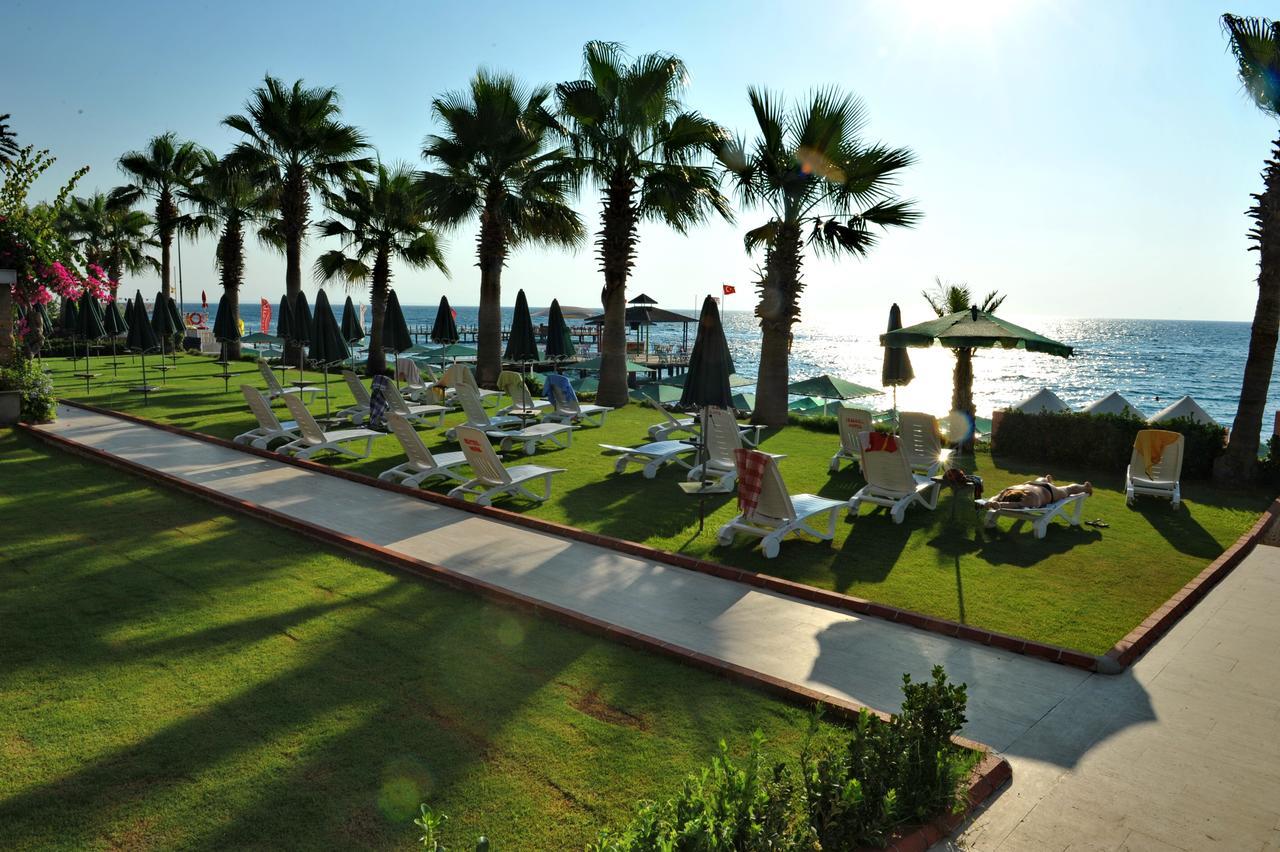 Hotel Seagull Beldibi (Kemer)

..............................

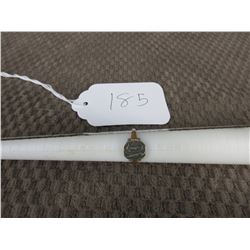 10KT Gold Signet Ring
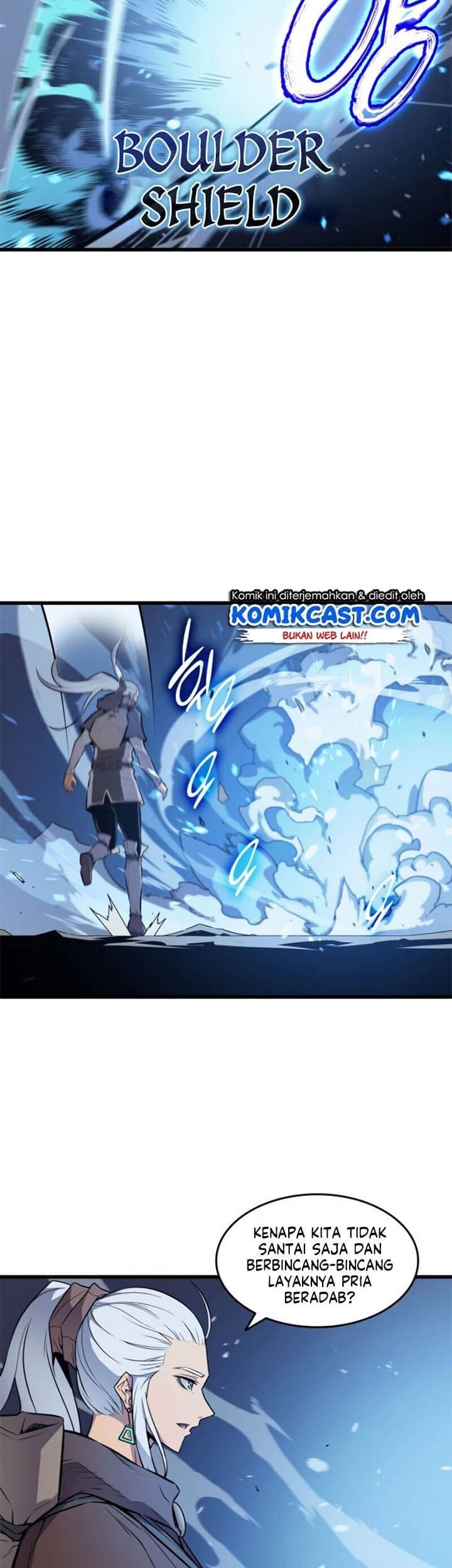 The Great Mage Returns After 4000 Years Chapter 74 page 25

..............................

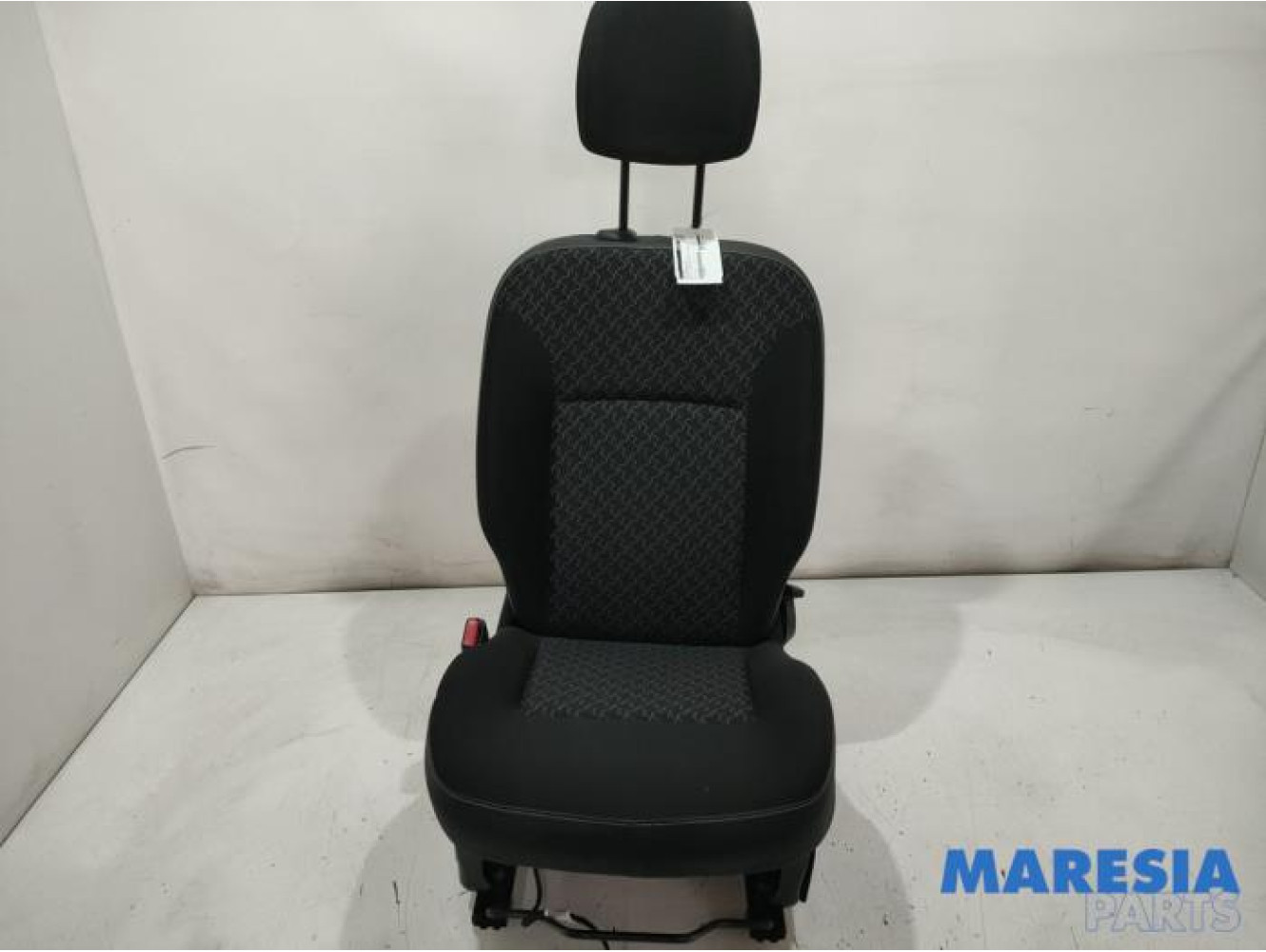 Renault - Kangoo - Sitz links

..............................

# TASK STATEMENT:
In the records above, find the line containing "10KT Gold Signet Ring" and the line containing "The Great Mage", then give both of them again word for word along with every line between. Omit any pictures.

# TASK ANSWER:
 10KT Gold Signet Ring
 The Great Mage Returns After 4000 Years Chapter 74 page 25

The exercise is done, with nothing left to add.